Mathieu Kassovitz a besoin de sujets forts pour donner la pleine mesure de ses talents de metteur en scène, de conteur et de polémiste. C’était le cas de La Haine, film coup de poing sur le malaise des banlieues et culte de toute une génération, ainsi que d’Assassins, film sur la transmission de la violence et charge au vitriol de la société des médias. Enfant terrible du cinéma français dans ces circonstances, Mathieu Kassovitz sait aussi manifester ses capacités de technicien et ses compétences de réalisateur de divertissements, comme ce fut le cas pour Les rivières pourpres dans le registre du thriller et de Gothika dans celui du cinéma d’horreur. Mais il n’est cependant jamais meilleur que quand il provoque la controverse, suscite le débat. On l’avait laissé moribond à la suite de Babylon A.D., naufrage artistique où il s’est retrouvé piégé entre une relation conflictuelle avec son acteur principal, Vin Diesel et un studio sourd à ses appels au secours. Il y avait pourtant dans le roman de Maurice G. Dantec de quoi permettre un grand film, conte philosophique, technologique, religieux et politique. Mais le pari était sans doute trop ambitieux que de vouloir adapter tous les niveaux de réflexion du livre sur grand écran.
On retrouve avec L’ordre et la morale un Mathieu Kassovitz engagé qui a parfaitement mesuré le potentiel à la fois politique, humain et cinématographique d’un sujet tombé dans les oubliettes de la mémoire collective, les événements de la grotte d’Ouvéa. En 1988, en plein entre-deux-tours de l’élection présidentielle qui opposait Chirac à Mitterrand, 27 gendarmes sont pris en otages par des indépendantistes kanaks en Nouvelle-Calédonie. A quelques jours du scrutin, un assaut est ordonné pour régler la situation alors que les négociations menées par Philippe Legorjus pour le G.I.G.N. étaient en passe de trouver une solution de sortie de crise. En 2 H 15, Mathieu Kassovitz réussit l’exploit de rendre compte de ce dossier lourd et complexe de façon intelligible et parfaitement lisible, malgré une masse d’informations, d’enjeux et de personnages considérable. En se plaçant du point de vue central de Philippe Legorjus, il analyse les différents sphères qui sont intervenues dans cette crise – l’armée, le GIGN, la politique et les Kanaks -, sans caricature ni simplification.

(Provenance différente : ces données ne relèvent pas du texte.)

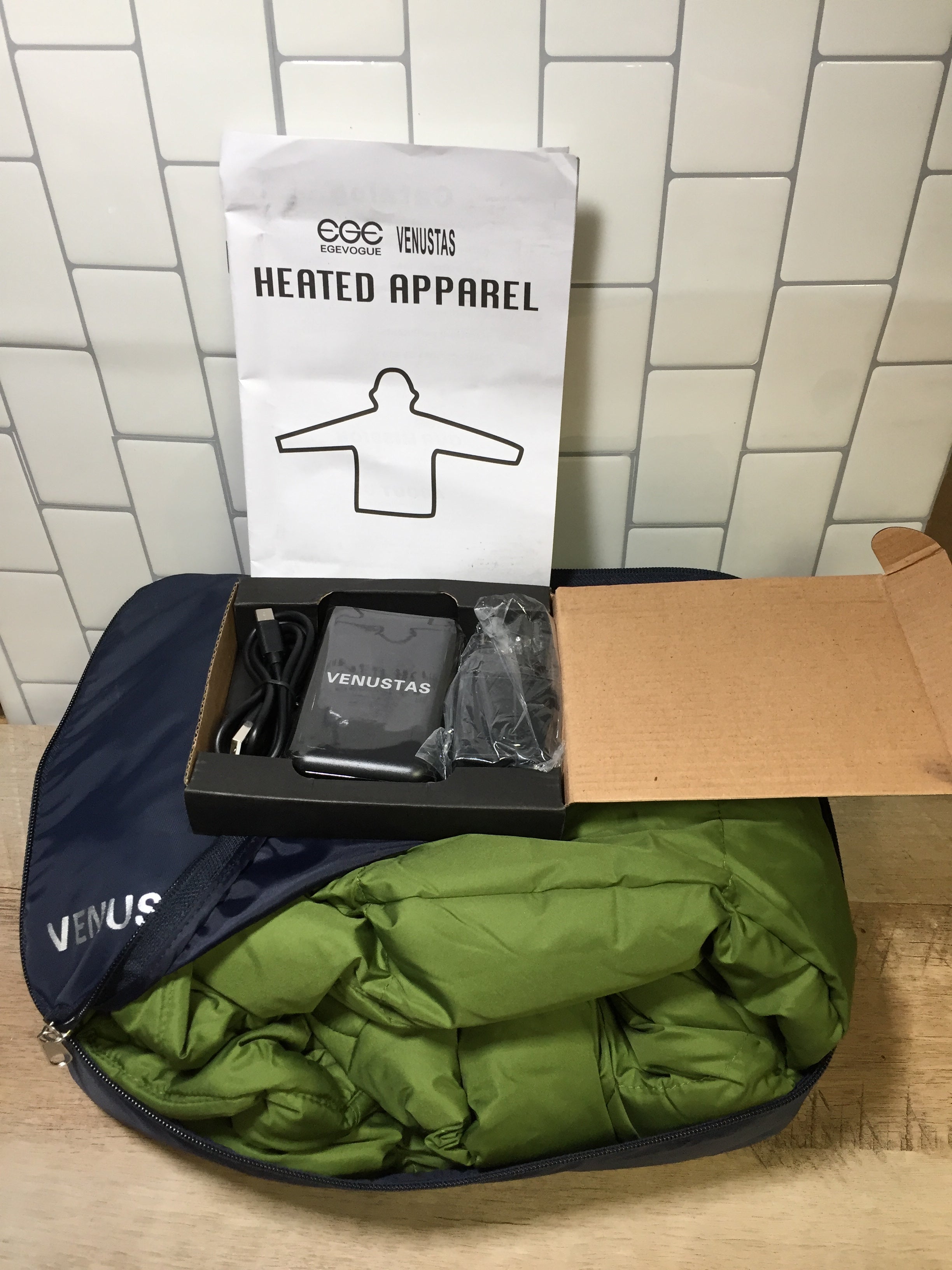Venustas Women's Heated Jacket with Battery Pack 5V | ARMY GREEN | SMALL (USA) (6957847445687)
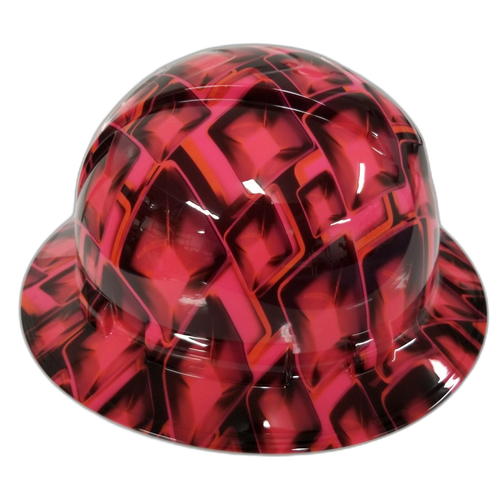 Hot Pink Hollywood Flash Cubes Custom Hydro Dipped Full Brim Hard Hat - Left Side View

Le réalisateur n’est toutefois pas tout-à-fait neutre dans son point de vue, se situant clairement du côté des kanaks. Si de nombreuses zones d’ombres persistent quant aux circonstances de l’assaut, Mathieu Kassovitz suggère que des exécutions sommaires ont eu lieu a posteriori, justifiant ainsi le nombre élevés de victimes parmi les preneurs d’otages. Le contexte plus global précédant les événements ainsi que les raisons de la présence métropolitaine sur l’île, liées à la présence du nickel, ne sont pas explicitées clairement. L’ordre et la morale permet ainsi à l’exemple kanak d’accéder à une valeur universelle. Celle de tout peuple luttant pour des valeurs culturelles et identitaires contre le pouvoir des dirigeants dictés par des intérêts strictement économiques. Plus de vingt ans après les événements d’Ouvéa, au regard de la crise financière et énergétique que traverse le monde actuel, le message véhiculé par le film n’en est que plus percutant et difficilement contestable.

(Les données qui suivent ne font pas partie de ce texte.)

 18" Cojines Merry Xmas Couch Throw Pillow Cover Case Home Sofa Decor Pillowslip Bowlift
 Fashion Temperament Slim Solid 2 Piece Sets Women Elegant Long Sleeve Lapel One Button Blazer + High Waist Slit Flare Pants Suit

Mais au-delà de son aspect de «film dossier» ou de sujet à thèse, L’ordre et la Morale est surtout et avant tout un grand film de cinéma, dense, nerveux et spectaculaire. Mathieu Kassovitz, s’il se met entièrement à la disposition de son sujet n’en oublie pas pour autant de produire de la mise en scène. Du flash forward initial tourné à l’envers, en passant par l’attaque de la gendarmerie et l’assaut en plans séquences, la réalisation évite la surenchère tape à l’œil pour servir le récit, c’est-à-dire aller d’un point A à un point B de la manière la plus adéquate possible. Mathieu Kassovitz nous rappelle au passage qu’il est aussi un très bon acteur, ce qui n’est malheureusement pas le cas de toute la distribution, pas intégralement professionnelle et qui souffre d’une direction un peu aléatoire.